What is DAG and Stage in spark processing?
FYI the above program, the overall execution plan is as per the DAG scheduler.
For each and every method execution is optimized as per the stages.
63. What happens to RDD when one of the nodes on which it is distributed goes down?
Since Spark knows how to prepare a certain data set because it is aware of various transformations and actions that have lead to the dataset, it will be able to apply the same transformations and actions to prepare the lost partition of the node which has gone down.
65. When we create an RDD, does it bring the data and load it into the memory?
- An RDD is made up of partitions which are located on multiple machines.
- The partition is only kept in memory if the data is being loaded from memory or the RDD has been cached/persisted into the memory.
- Otherwise, an RDD is just mapping of actual data and partitions.
66.How to save RDD?
There are few methods provided by Spark:
- Write the elements of the RDD as a text file (or set of text files) to the provided directory.
- The directory could be in the local filesystem, HDFS or any other file system.
- Each element of the dataset will be converted to text using toString() method on every element.
- And each element will be appended with newline character “\n”
- Write the elements of the dataset as a Hadoop SequenceFile.
- This works only on the key-value pair RDD which implement Hadoop’s Writeable interface.
- You can load sequence file using sc.sequenceFile().
- This simply saves data by serializing using standard java object serialization.
67.What do you understand by SchemaRDD?
- An RDD that consists of row objects (wrappers around basic string or integer arrays) with schema information about the type of data in each column.
- Row objects are just wrappers around arrays of basic types (e.g., integers and strings).
70.How would you determine the quantity of parcels while making a RDD? What are the capacities?
- You can determine the quantity of allotments while making a RDD either by utilizing the sc.textFile or by utilizing parallelize works as pursues:
- Val rdd = sc.parallelize(data,4)
- val information = sc.textFile(“path”,4)
What is the contrast between RDD , DataFrame and DataSets?
- It is the structure square of Spark.
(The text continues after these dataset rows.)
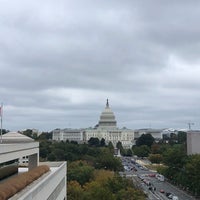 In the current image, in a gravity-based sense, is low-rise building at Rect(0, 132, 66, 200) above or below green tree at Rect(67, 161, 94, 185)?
above

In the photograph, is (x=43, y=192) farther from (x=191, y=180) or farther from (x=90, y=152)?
(x=90, y=152)

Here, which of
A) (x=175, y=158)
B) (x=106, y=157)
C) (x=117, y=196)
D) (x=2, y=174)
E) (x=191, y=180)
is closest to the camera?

All Dataframes or Dataset is inside RDDs.
- It is lethargically assessed permanent gathering objects
- RDDS can be effectively reserved if a similar arrangement of information should be recomputed.
- Gives the construction see ( lines and segments ). It tends to be thought as a table in a database.
- Like RDD even dataframe is sluggishly assessed.
- It offers colossal execution due to a.) Custom Memory Management – Data is put away in off load memory in twofold arrangement .No refuse accumulation because of this.
- Optimized Execution Plan – Query plans are made utilizing Catalyst analyzer.
- DataFrame Limitations : Compile Time wellbeing , i.e no control of information is conceivable when the structure isn’t known.
DataSet: Expansion of DataFrame
- DataSet Feautures – Provides best encoding component and not at all like information edges supports arrange time security.
Dataframe is untyped (throw an exception at runtime in case of any error in the schema mismatch)
Dataset is typed(throw an exception at compile time in case of any error in the schema mismatch)
how to join two dataframes in spark?